Required work: Write out all of the records below precisely as given, omitting the images.

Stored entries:
■ ■ ■ ■ ■
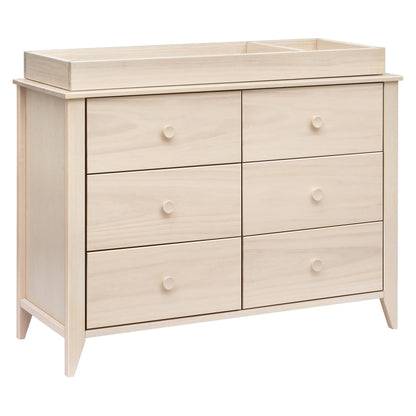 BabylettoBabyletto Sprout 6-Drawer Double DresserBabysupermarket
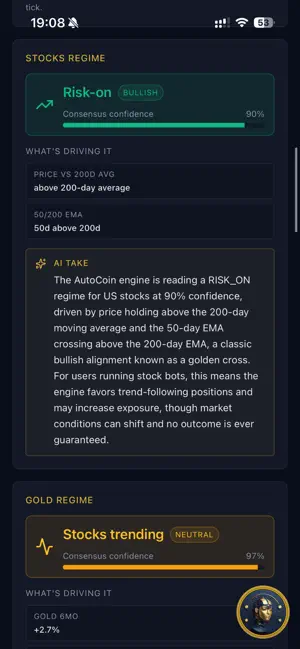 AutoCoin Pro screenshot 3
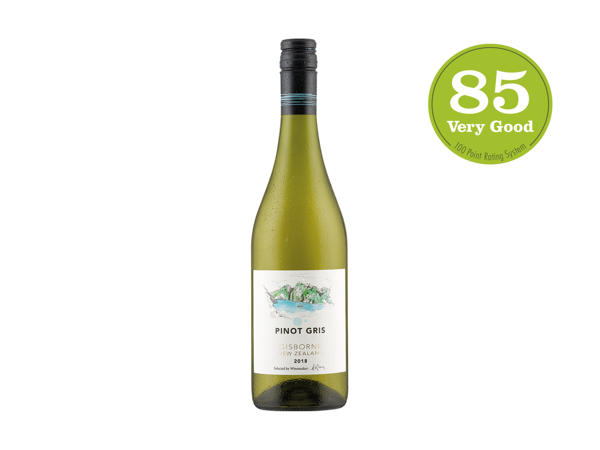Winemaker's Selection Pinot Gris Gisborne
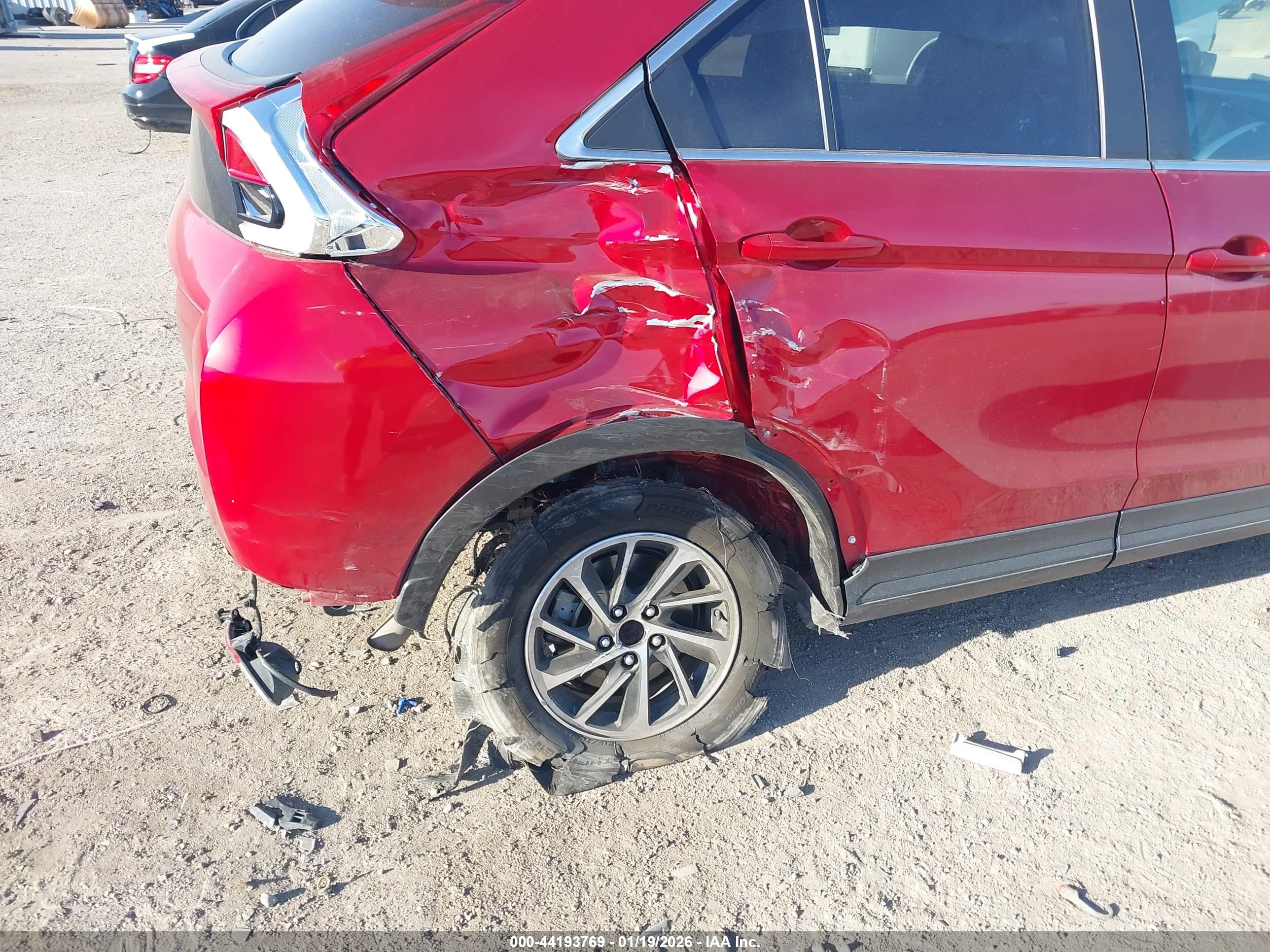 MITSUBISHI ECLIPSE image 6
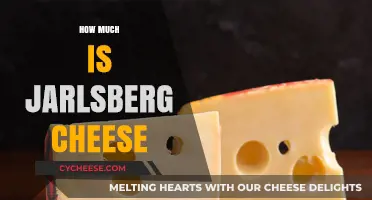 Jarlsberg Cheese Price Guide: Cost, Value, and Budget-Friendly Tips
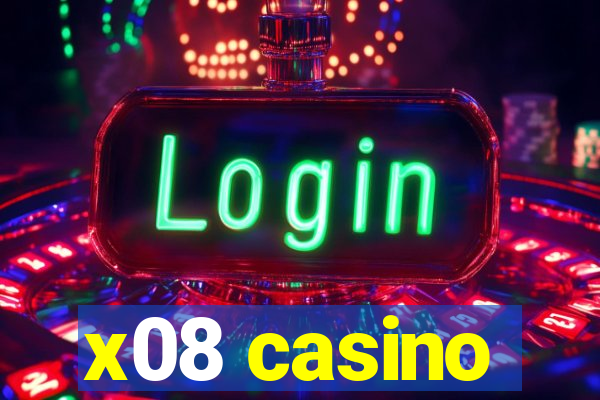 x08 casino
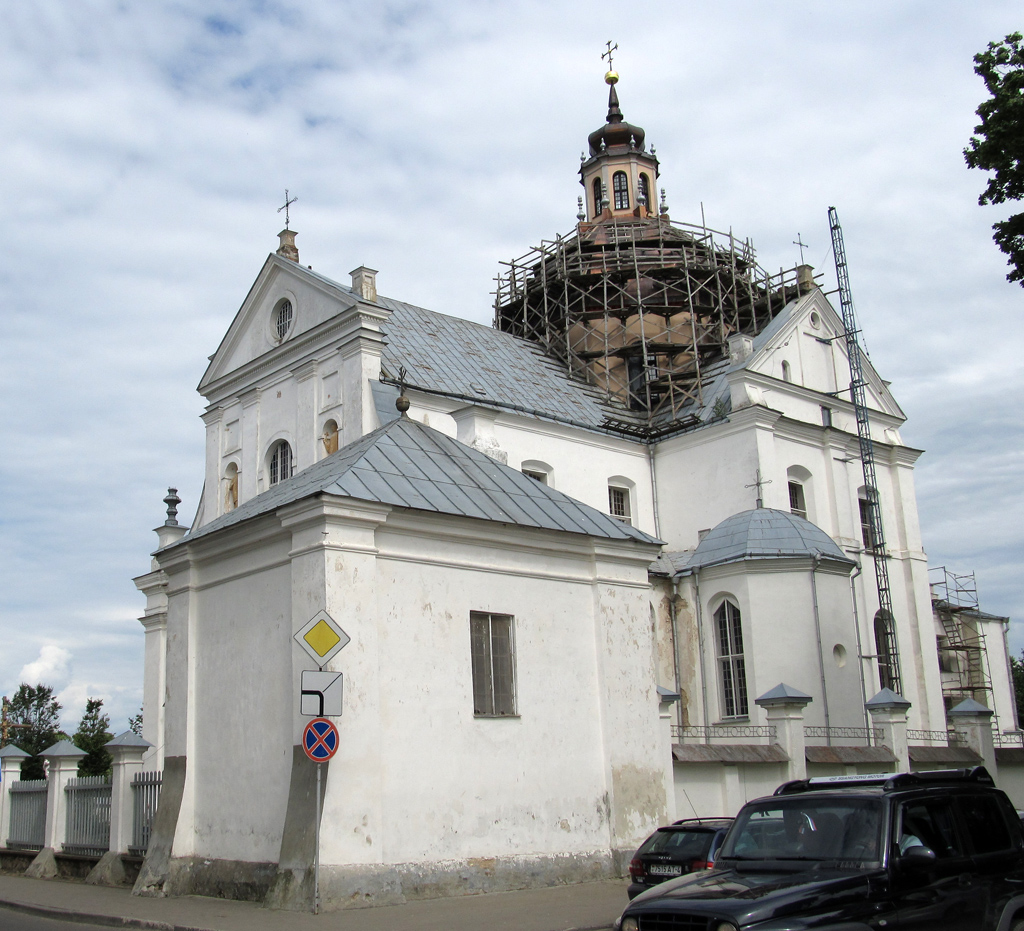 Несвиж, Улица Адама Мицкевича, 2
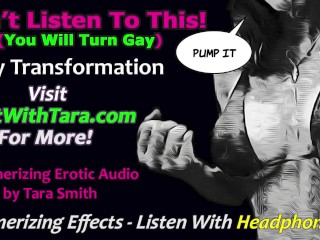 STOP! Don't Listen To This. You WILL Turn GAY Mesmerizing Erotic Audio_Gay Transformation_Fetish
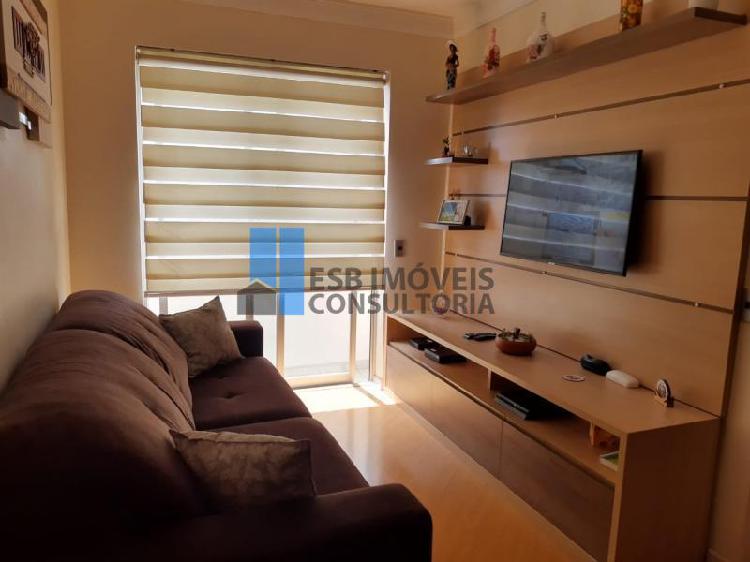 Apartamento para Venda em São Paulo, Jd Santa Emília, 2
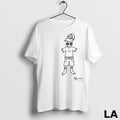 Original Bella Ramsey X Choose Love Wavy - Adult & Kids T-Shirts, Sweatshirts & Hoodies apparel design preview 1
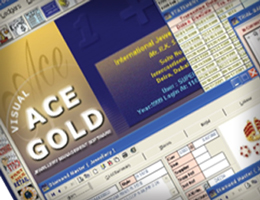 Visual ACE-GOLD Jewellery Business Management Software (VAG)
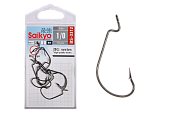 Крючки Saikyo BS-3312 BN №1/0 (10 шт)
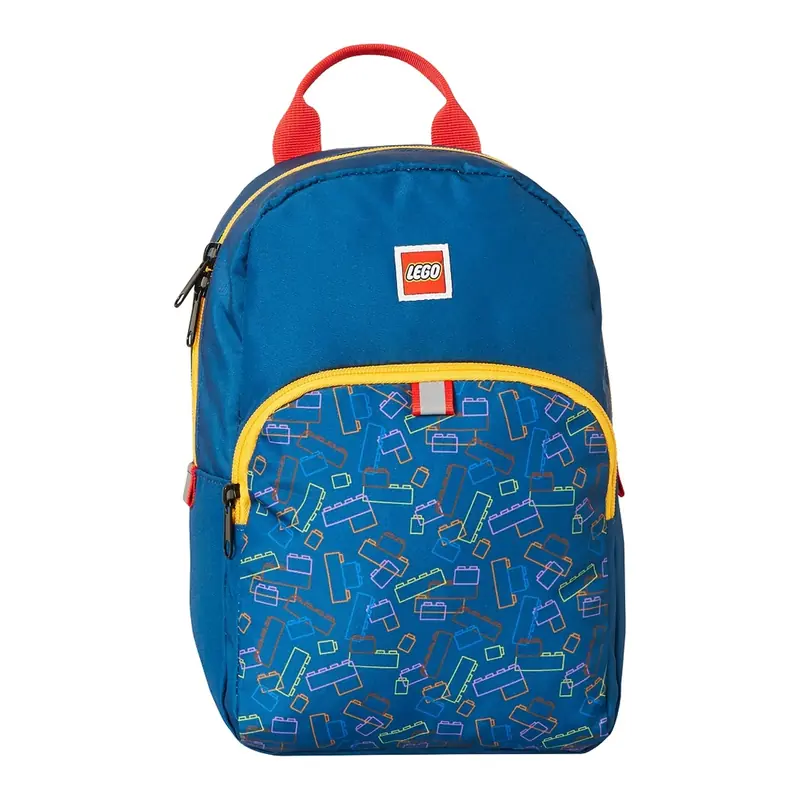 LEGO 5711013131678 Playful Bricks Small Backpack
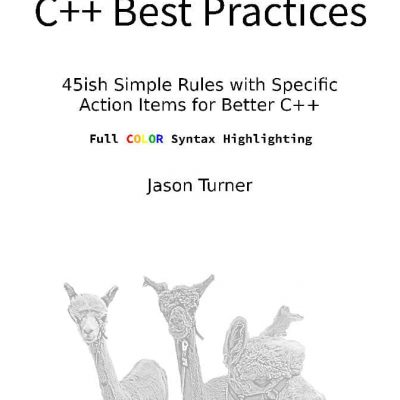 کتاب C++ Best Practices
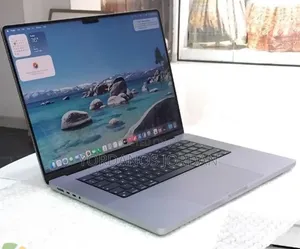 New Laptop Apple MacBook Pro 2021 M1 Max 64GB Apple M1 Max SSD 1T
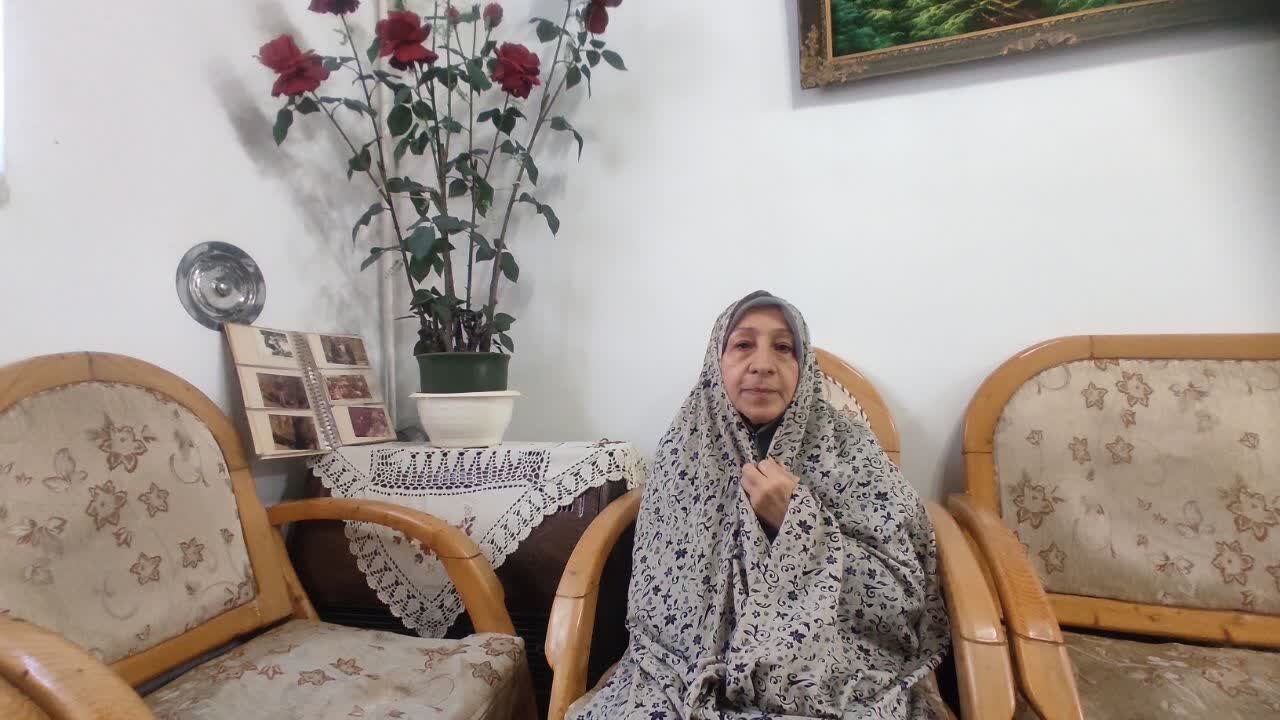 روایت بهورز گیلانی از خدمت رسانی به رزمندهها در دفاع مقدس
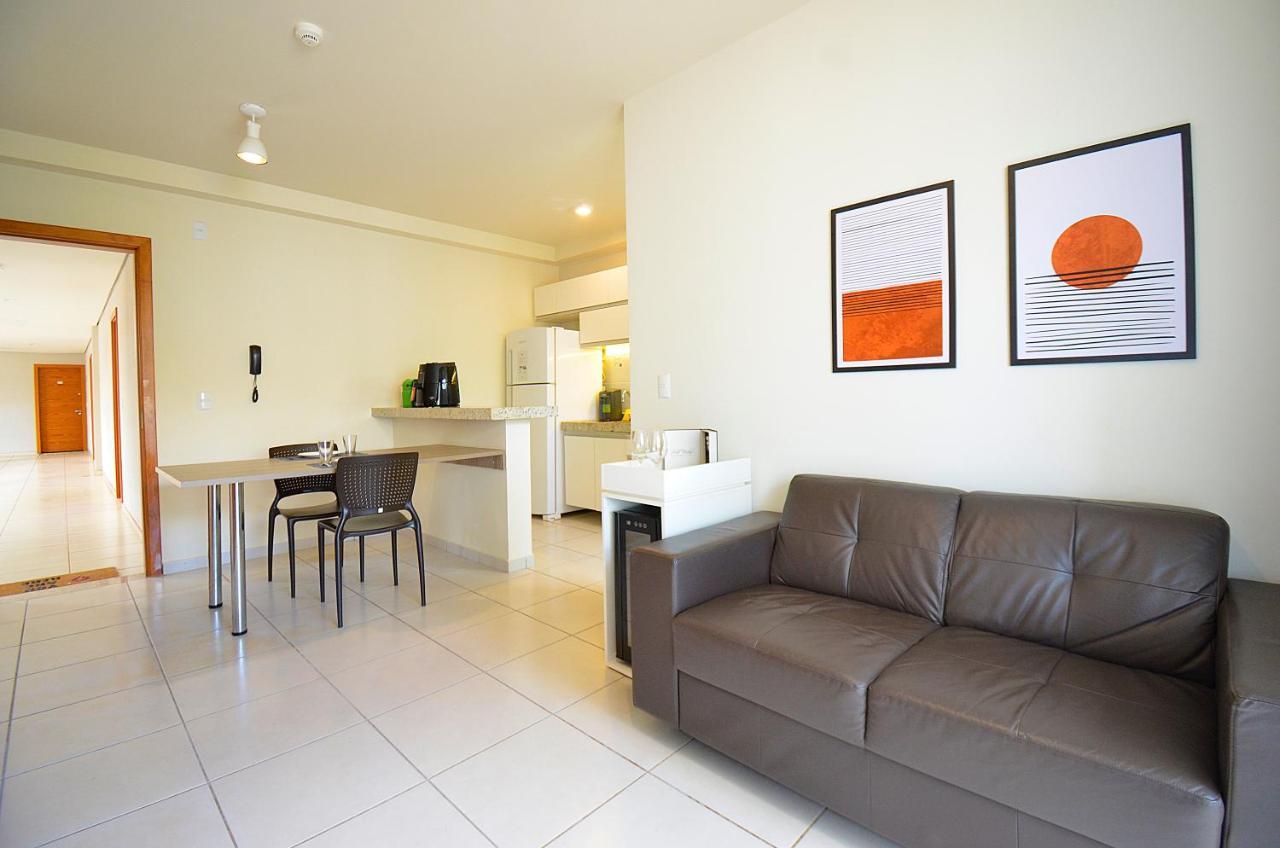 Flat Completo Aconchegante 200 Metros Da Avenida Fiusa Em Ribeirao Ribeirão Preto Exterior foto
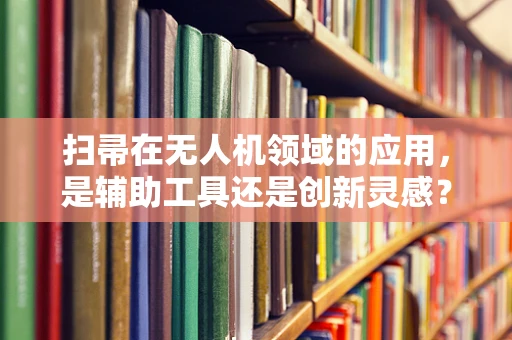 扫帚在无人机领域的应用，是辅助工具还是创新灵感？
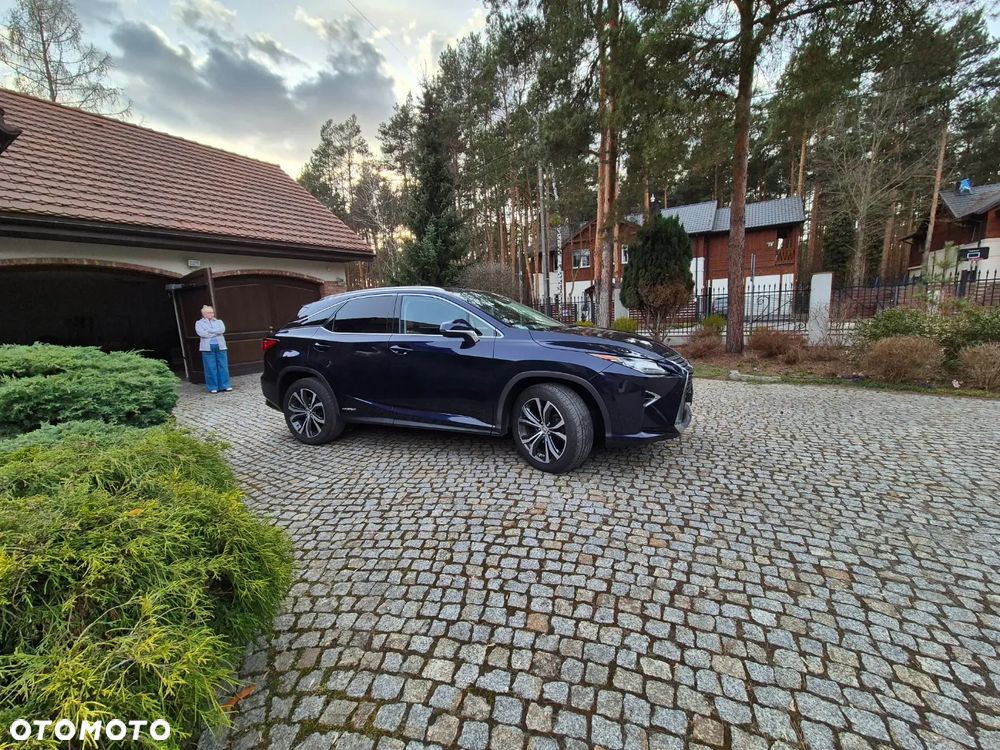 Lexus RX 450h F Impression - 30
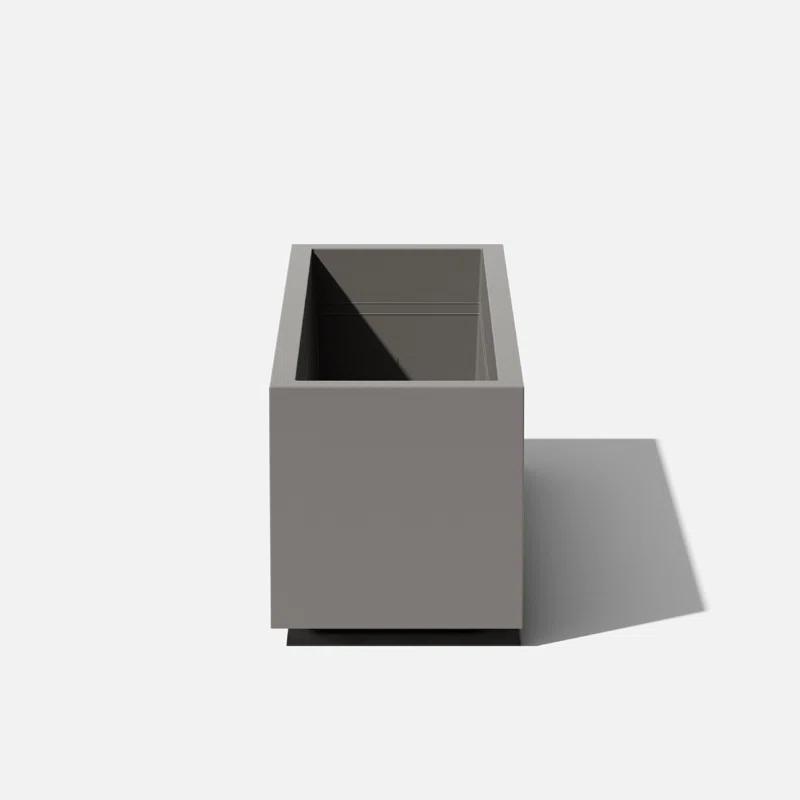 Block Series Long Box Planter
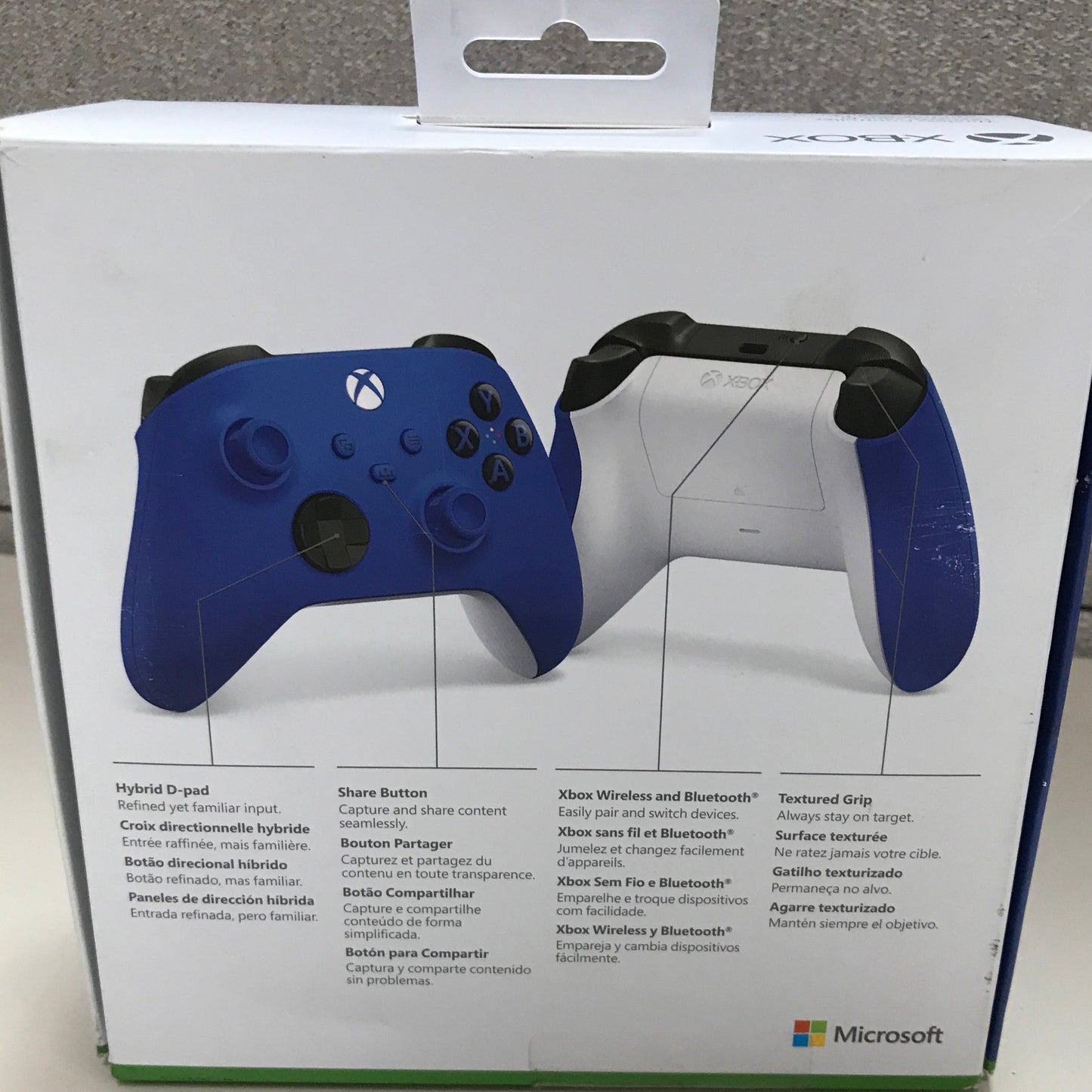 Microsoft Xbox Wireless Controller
■ ■ ■ ■ ■
Solution for this problem:
 BabylettoBabyletto Sprout 6-Drawer Double DresserBabysupermarket
 AutoCoin Pro screenshot 3
Winemaker's Selection Pinot Gris Gisborne
 MITSUBISHI ECLIPSE image 6
 Jarlsberg Cheese Price Guide: Cost, Value, and Budget-Friendly Tips
 x08 casino
 Несвиж, Улица Адама Мицкевича, 2
 STOP! Don't Listen To This. You WILL Turn GAY Mesmerizing Erotic Audio_Gay Transformation_Fetish
 Apartamento para Venda em São Paulo, Jd Santa Emília, 2
 Original Bella Ramsey X Choose Love Wavy - Adult & Kids T-Shirts, Sweatshirts & Hoodies apparel design preview 1
 Visual ACE-GOLD Jewellery Business Management Software (VAG)
 Крючки Saikyo BS-3312 BN №1/0 (10 шт)
 LEGO 5711013131678 Playful Bricks Small Backpack
 کتاب C++ Best Practices
 New Laptop Apple MacBook Pro 2021 M1 Max 64GB Apple M1 Max SSD 1T
 روایت بهورز گیلانی از خدمت رسانی به رزمندهها در دفاع مقدس
 Flat Completo Aconchegante 200 Metros Da Avenida Fiusa Em Ribeirao Ribeirão Preto Exterior foto
 扫帚在无人机领域的应用，是辅助工具还是创新灵感？
 Lexus RX 450h F Impression - 30
 Block Series Long Box Planter
 Microsoft Xbox Wireless Controller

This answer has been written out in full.